A final comment, since this blog is intended to encompass discretionary as well as systematic perspectives, is that judgment and common sense are still key inputs into the investment process. Years ago, David Leinweber, as a joke, showed that butter production in Bangladesh was very closely associated with the S&P 500. Most seasoned investors would know better than to place much faith in such associations. However, the vastly larger datasets and more capable data mining techniques available today allow analysts to search for patterns at an unprecedented scale. As noted in a previous post, out-of-sample testing is often sloppy and in reality is thinly disguised in-sample testing. Even when out-of-sample data are truly out-of-sample, if you test enough hypotheses, some will look good both in-sample and out-of-sample purely by chance – a fact that you should be well aware of, having read this far. Lastly, not all hypotheses are equal before being confronted with data. Those that are based on economic theory should probably have a lower statistical hurdle to clear than purely empirical ones. Economic theories validated by out-of-sample data (that is, by data collected after a theory has been proposed) are more credible than theories constructed after looking at the data.
Summary
In this and the previous post, we have discussed the pervasive problem in finance (and other research fields) of false discoveries arising from multiple testing. We explained how methods such Benjamini, Hochberg, and Yekutieli (BHY) can control the false discovery rate as well as how extensions can improve power by estimating the dependence between tests or account for missing observations arising from publication or survivorship bias. Finally, we argued that statistical adjustments need to be used together with investment judgment. Serious investors will need to adopt these methods when developing trading strategies or evaluating portfolio managers in order to avoid discoveries that are bound to disappoint.
References
Benjamini, Y. and Y. Hochberg. 1995. Controlling the false discovery rate: a practical and powerful approach to multiple testing. Journal of the Royal Statistical Society, 57.1, 289-300.

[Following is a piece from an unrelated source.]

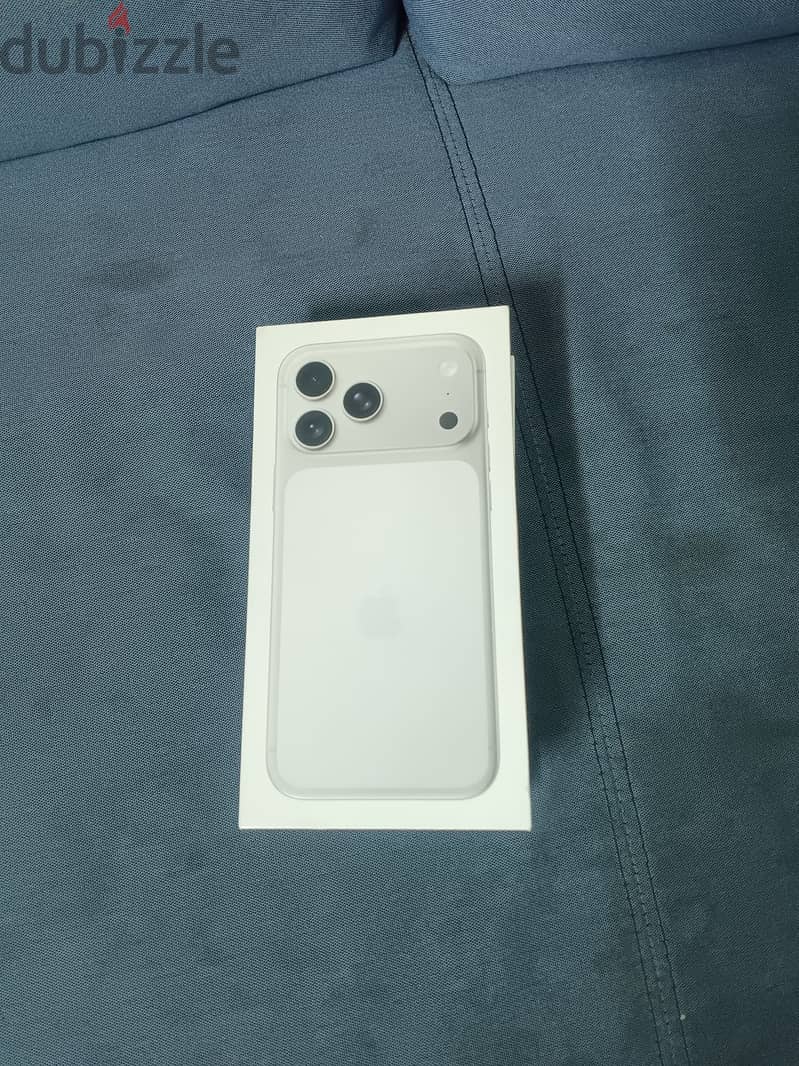 Apple - iPhone 17 pro max 3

Harvey, C., Y. Liu, and H. Zhu. 2014. … and the cross-section of expected returns. Working paper, Duke University.
Ioannidis, J. 2005. Why most published research findings are false. PLoS Medicine.
Leinweber, D. 1995. Stupid data miner tricks: overfitting the S&P 500.
White, H. 2000. A reality check for data snooping. Econometrica, 68.5, 1097-1126.
Benjamini, Y. and D. Yekutieli. 2001. The control of the false discovery rate in multiple testing under dependency. The Annals of Statistics, 29.4, 1165-1188.